Dr. Magnus Nordborg, Scientific Director, Gregor Mendel Institute, Austria Academy of Sciences

“Towards an unbiased characterization of genetic diversity”

Our view of genetic diversity is shaped by methods that provide an incomplete and highly biased picture, effectively limited to single-nucleotide polymorphism in conserved regions of the genome. Long-read sequencing technologies, which are starting to provide nearly complete genome sequences for population samples, should solve the problem—except that characterizing and making sense of non-SNP variation is difficult even with perfect sequence data. I will describe our attempts to investigate and address this problem using samples of genomes from Arabidopsis thaliana as an example. Our analyses reveal substantial and worrying biases in current data that affect everything from GWAS and functional genomics to population genetics and diversity studies. We also discover exciting new biology, especially when it comes to understanding the evolutionary dynamics of transposable elements. We demonstrate that existing genome annotation tools do not predict mobile elements well even in a model plant and present alternative algorithms.

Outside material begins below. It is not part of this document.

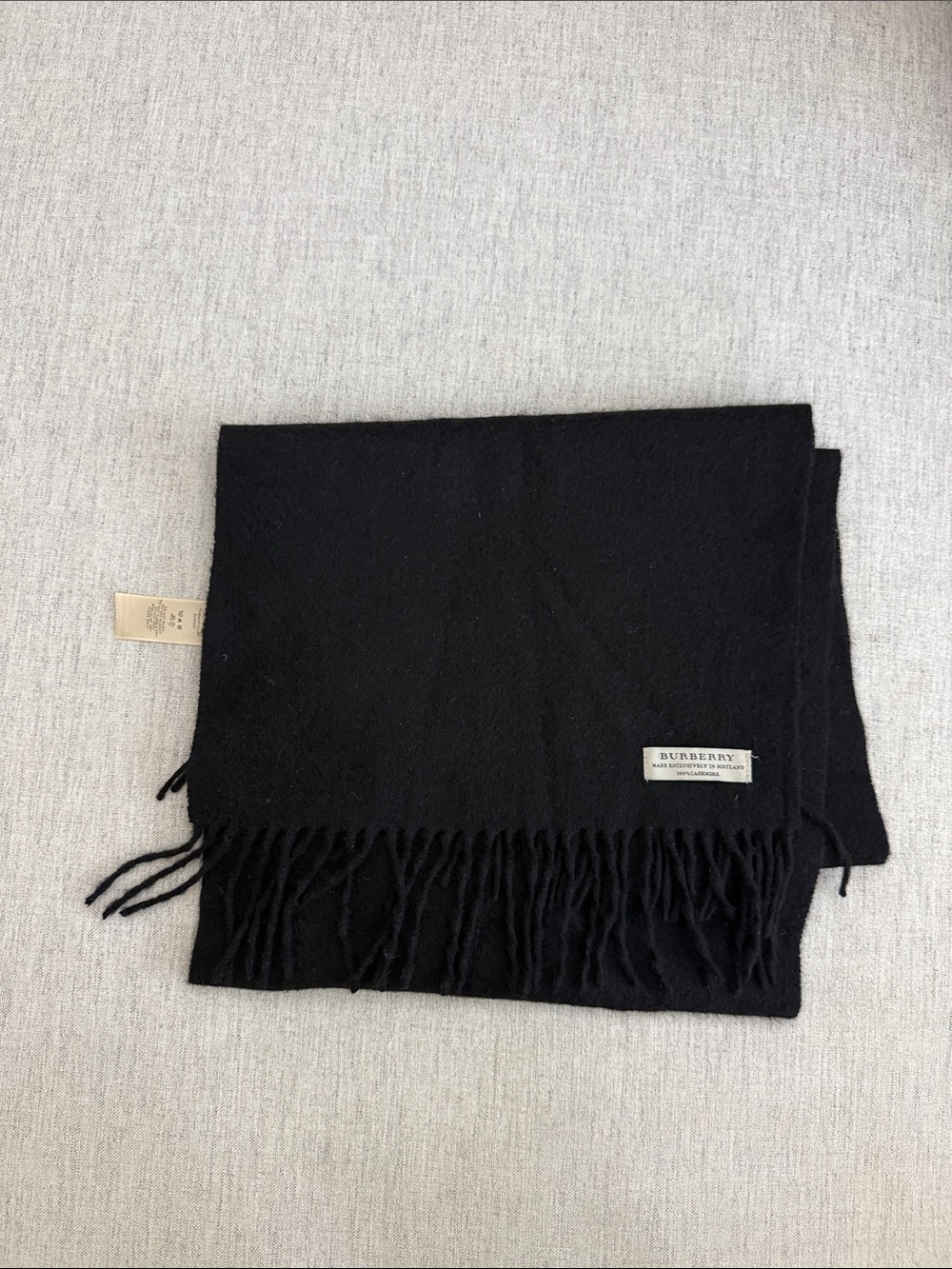 Burberry Black Wool Fringe Scarf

Twenty-five years ago, technical developments that came out of the Human Genome Project ushered in the SNP era, leading to a revolution of population genetics—as predicted by Aravinda Chakravarti, who noted that we needed models to “make sense out of sequence”. I will argue that we are in an analogous position now, with technologies making it easy to generate complete genomes sequences of almost any species at a population scale—an enormous breakthrough for anyone interested in the full diversity of life. However, to make sense of these data, we will need a modeling framework rooted in population genetics, but which also incorporates accurate mechanistic models of the mutational and recombination processes that ultimately generate genetic variation. This framework remains to be developed.